**Exercise directions**
The answer must be an exact copy of the records, with every picture left out.
_ _ _ _
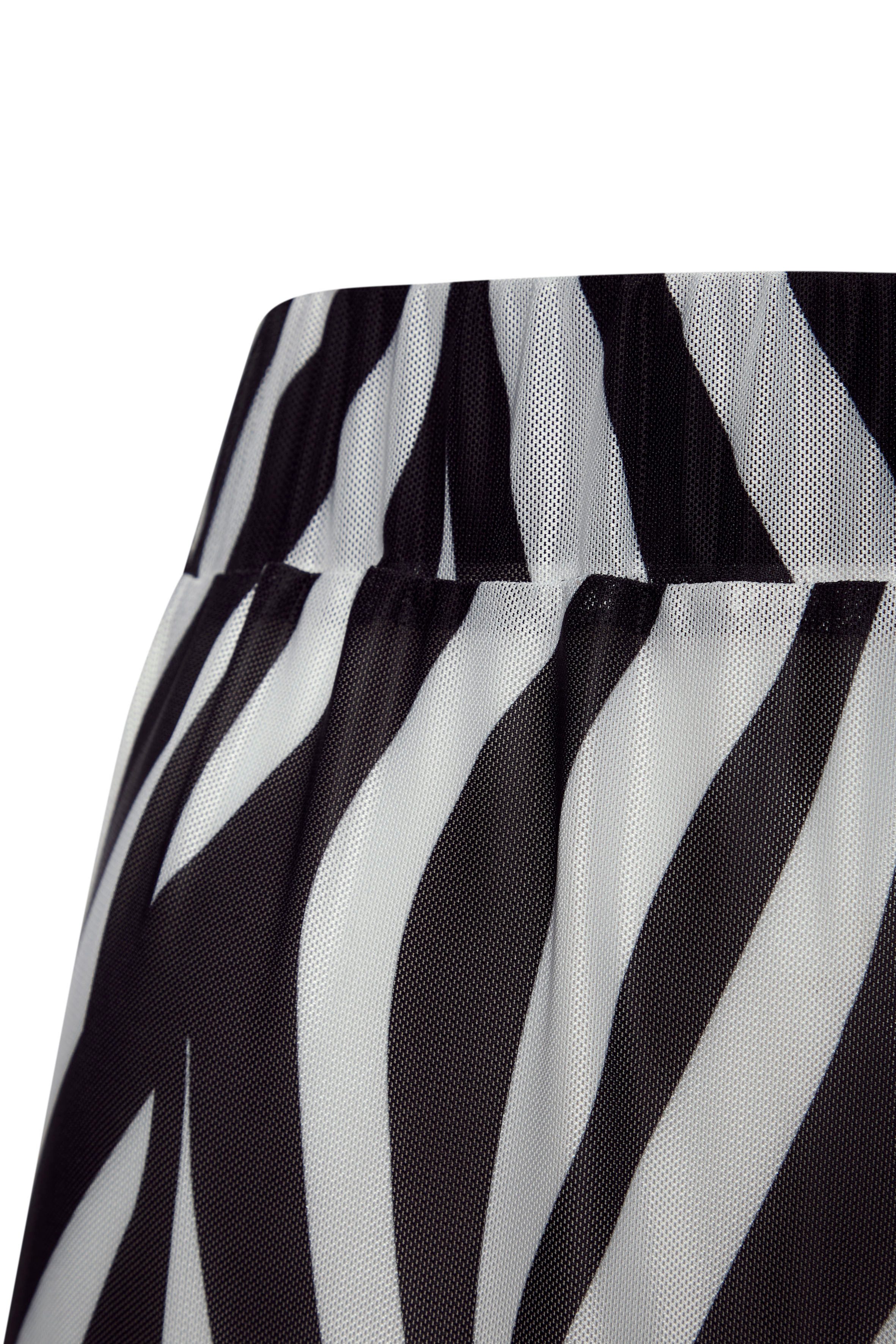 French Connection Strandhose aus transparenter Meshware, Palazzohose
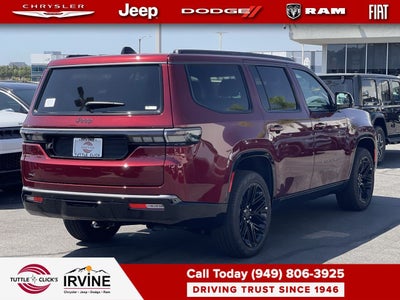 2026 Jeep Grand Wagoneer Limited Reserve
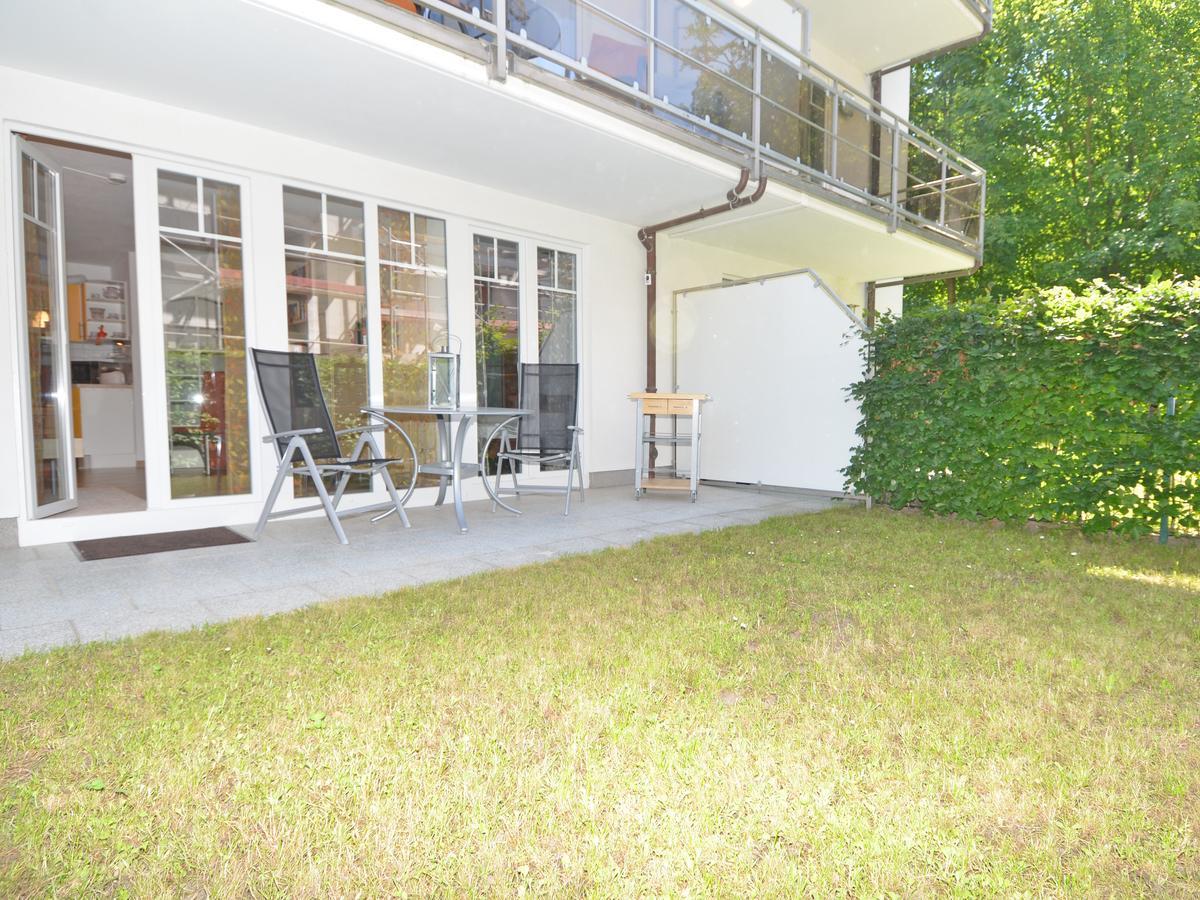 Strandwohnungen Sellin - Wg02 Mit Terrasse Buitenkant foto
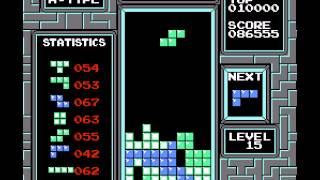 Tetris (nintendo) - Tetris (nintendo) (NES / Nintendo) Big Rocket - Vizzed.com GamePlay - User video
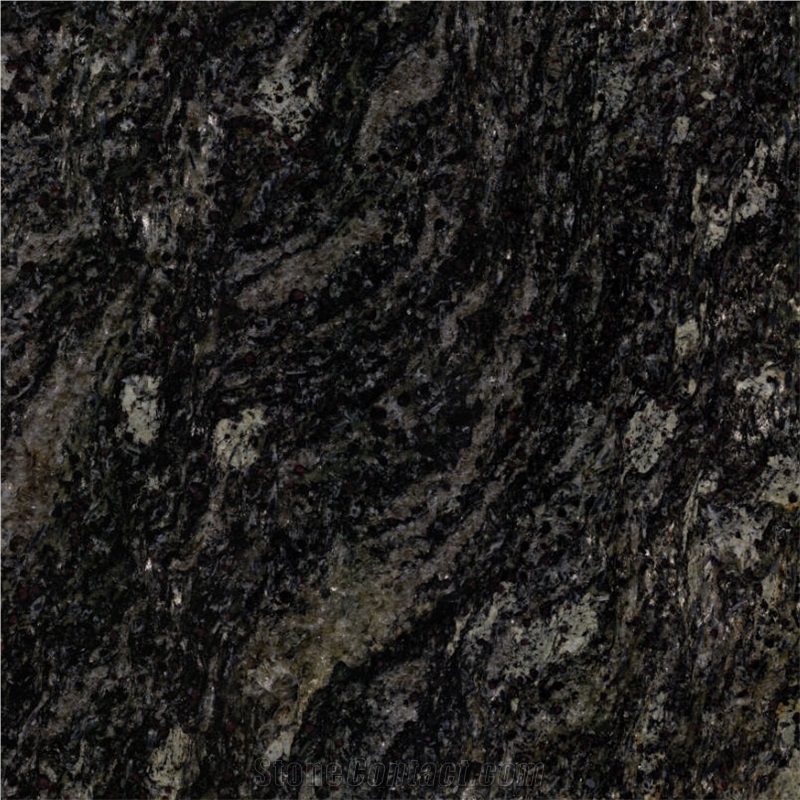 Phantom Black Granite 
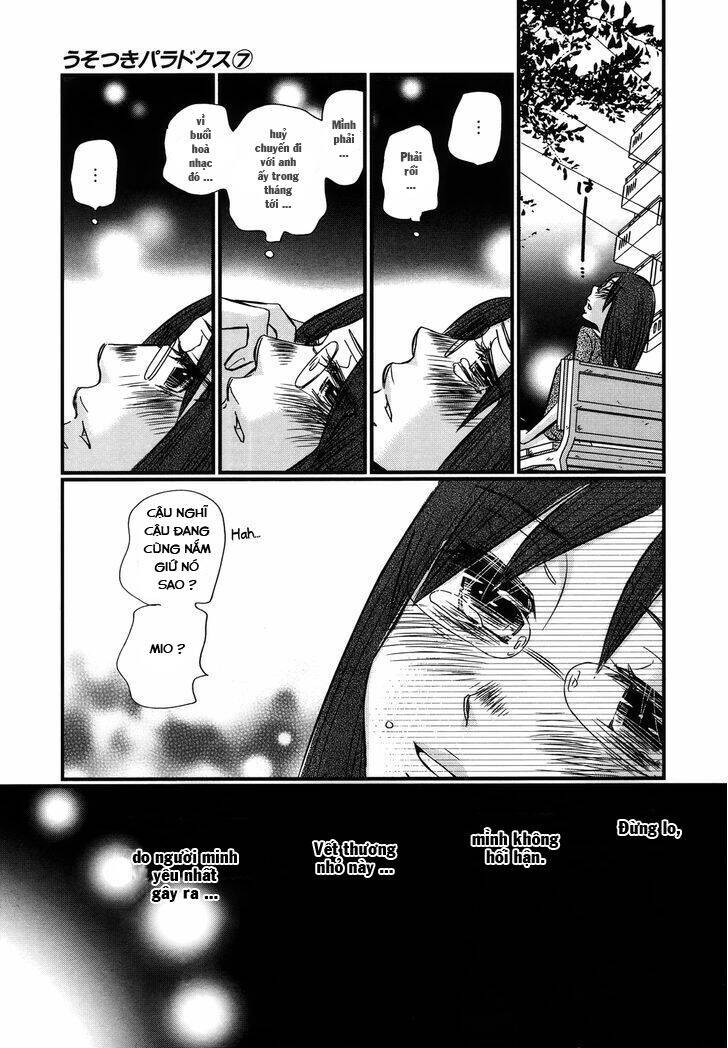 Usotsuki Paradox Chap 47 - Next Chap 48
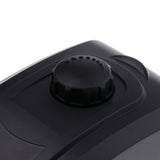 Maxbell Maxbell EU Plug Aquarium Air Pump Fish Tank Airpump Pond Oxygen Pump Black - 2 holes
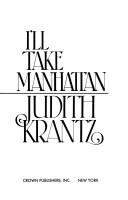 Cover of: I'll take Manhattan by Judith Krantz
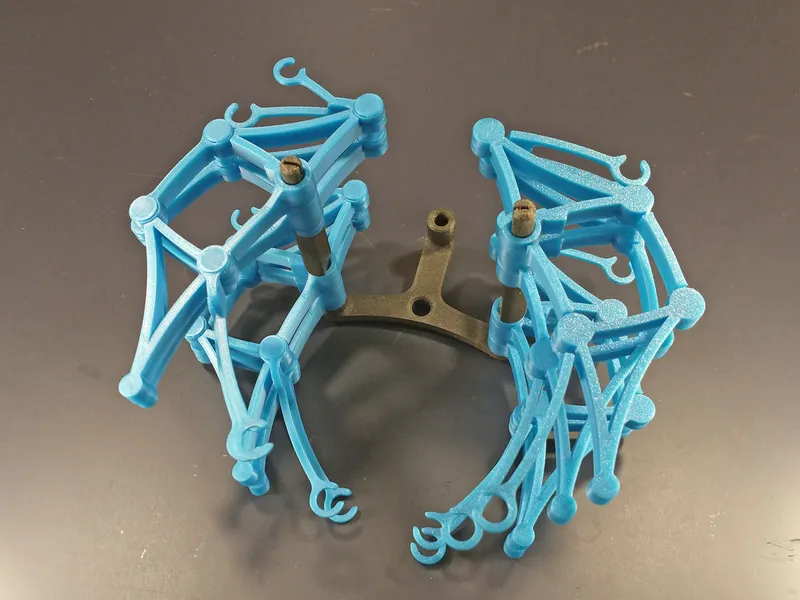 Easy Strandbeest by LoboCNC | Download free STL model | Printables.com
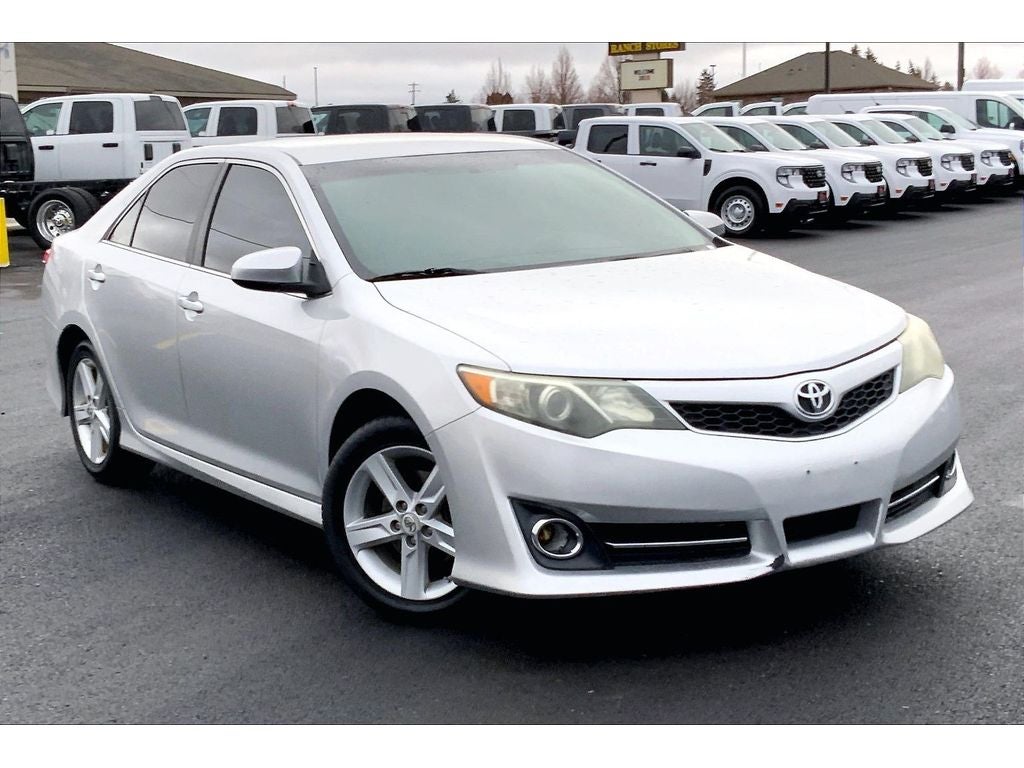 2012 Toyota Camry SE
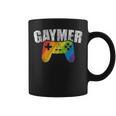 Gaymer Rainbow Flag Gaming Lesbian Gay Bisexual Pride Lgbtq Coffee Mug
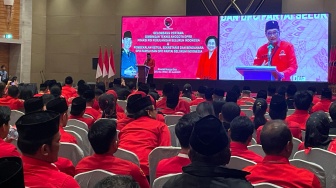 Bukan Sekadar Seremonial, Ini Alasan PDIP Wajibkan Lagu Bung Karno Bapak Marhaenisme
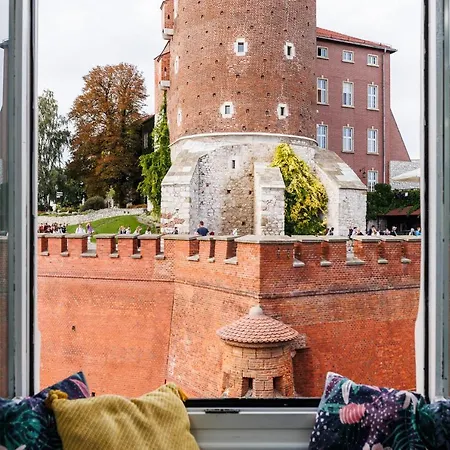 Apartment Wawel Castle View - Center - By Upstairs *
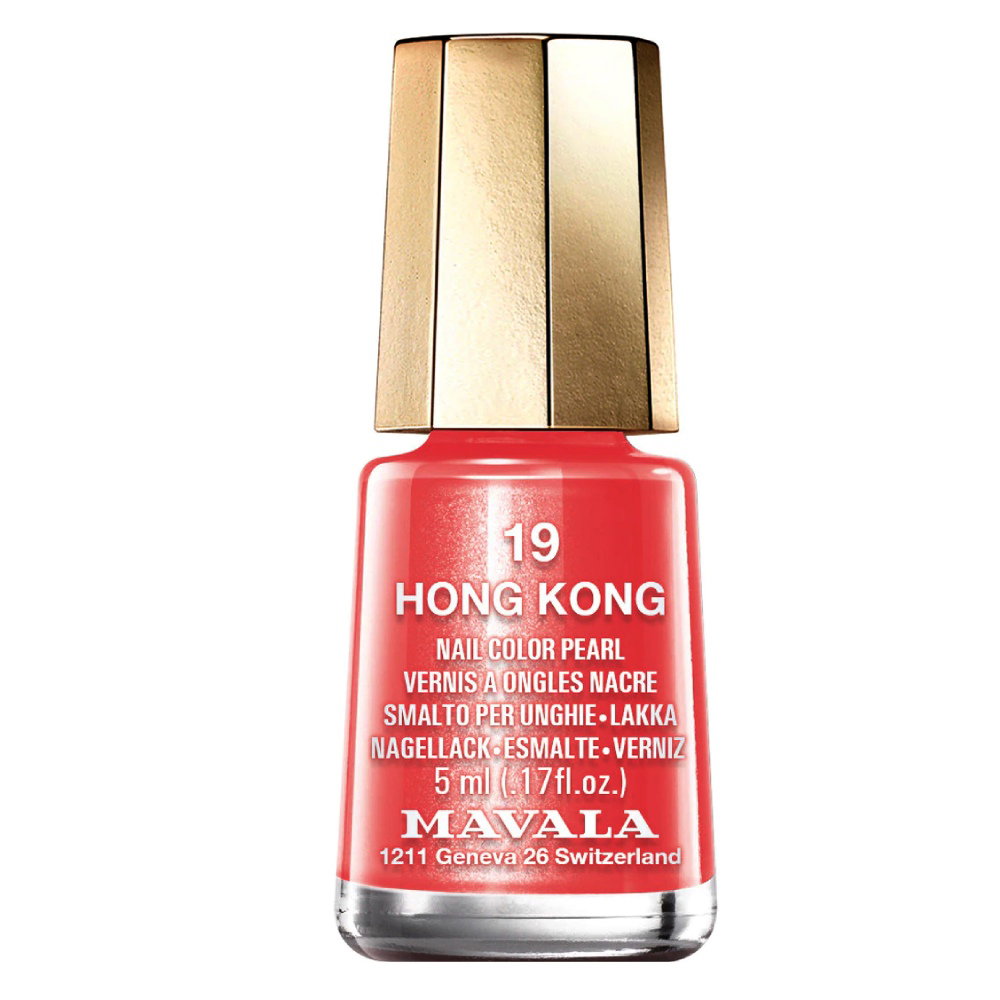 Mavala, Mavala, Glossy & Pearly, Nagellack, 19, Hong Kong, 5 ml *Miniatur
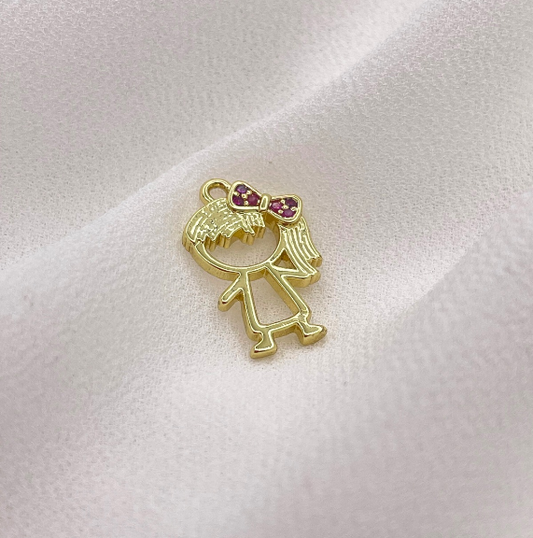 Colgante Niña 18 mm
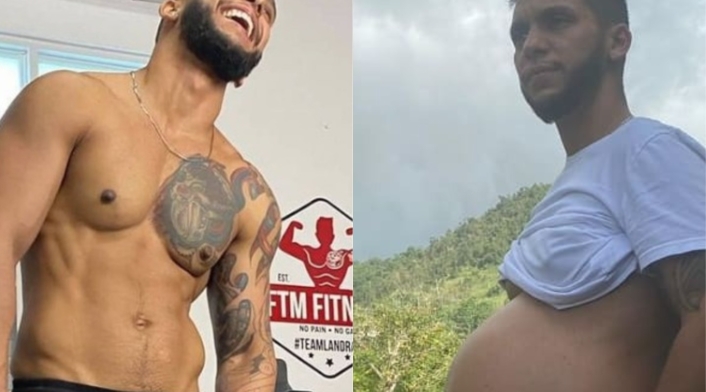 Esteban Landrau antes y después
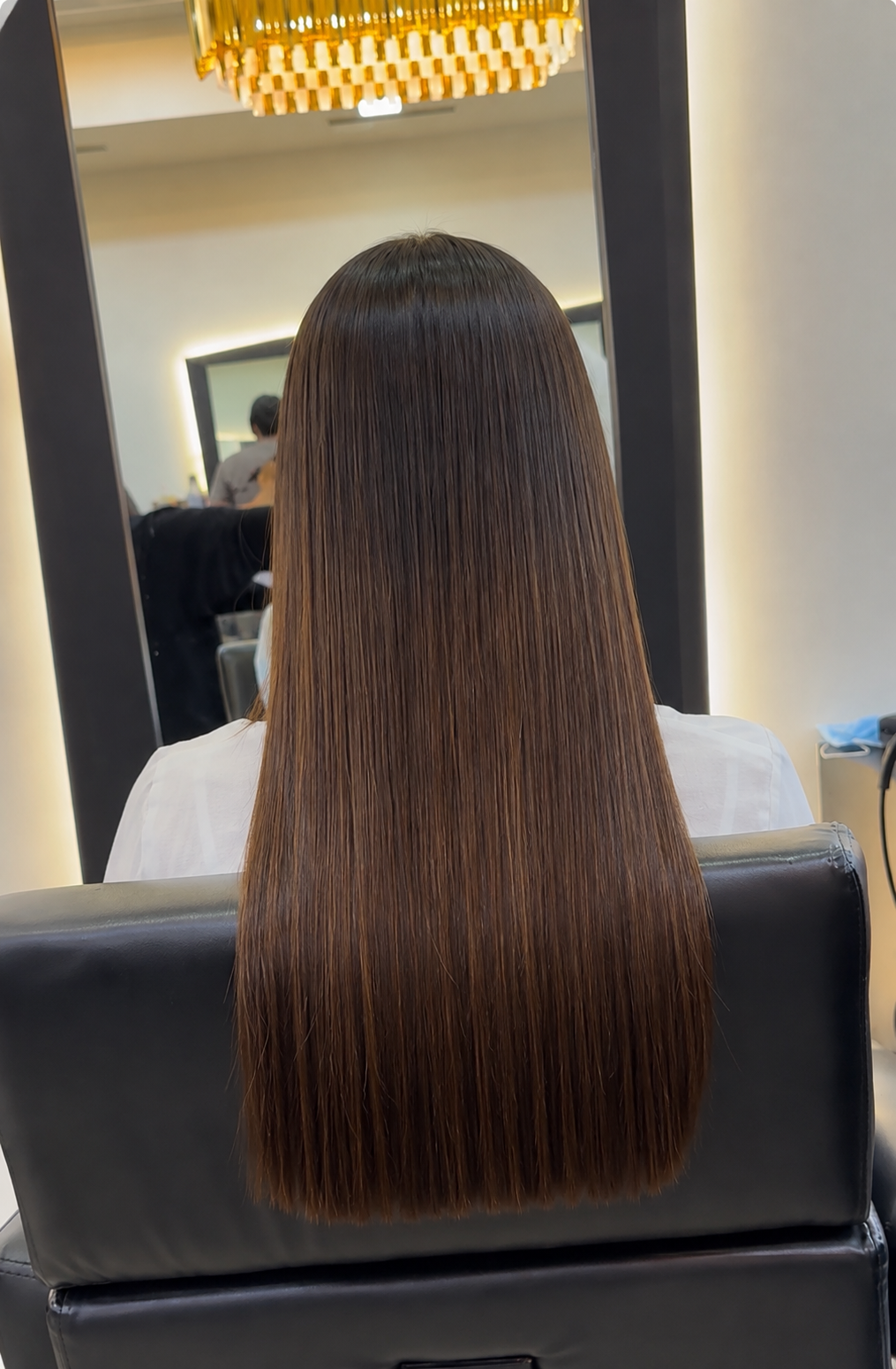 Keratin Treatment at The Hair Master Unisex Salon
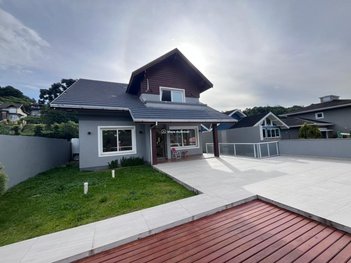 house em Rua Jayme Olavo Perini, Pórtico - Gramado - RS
_ _ _ _
**Answer area**
 French Connection Strandhose aus transparenter Meshware, Palazzohose
 2026 Jeep Grand Wagoneer Limited Reserve
 Strandwohnungen Sellin - Wg02 Mit Terrasse Buitenkant foto
 Tetris (nintendo) - Tetris (nintendo) (NES / Nintendo) Big Rocket - Vizzed.com GamePlay - User video
 Phantom Black Granite 
 Usotsuki Paradox Chap 47 - Next Chap 48
 Maxbell Maxbell EU Plug Aquarium Air Pump Fish Tank Airpump Pond Oxygen Pump Black - 2 holes
 Cover of: I'll take Manhattan by Judith Krantz
 Easy Strandbeest by LoboCNC | Download free STL model | Printables.com
 2012 Toyota Camry SE
 Gaymer Rainbow Flag Gaming Lesbian Gay Bisexual Pride Lgbtq Coffee Mug
 Bukan Sekadar Seremonial, Ini Alasan PDIP Wajibkan Lagu Bung Karno Bapak Marhaenisme
 Apartment Wawel Castle View - Center - By Upstairs *
 Mavala, Mavala, Glossy & Pearly, Nagellack, 19, Hong Kong, 5 ml *Miniatur
 Colgante Niña 18 mm
 Esteban Landrau antes y después
 Keratin Treatment at The Hair Master Unisex Salon
 house em Rua Jayme Olavo Perini, Pórtico - Gramado - RS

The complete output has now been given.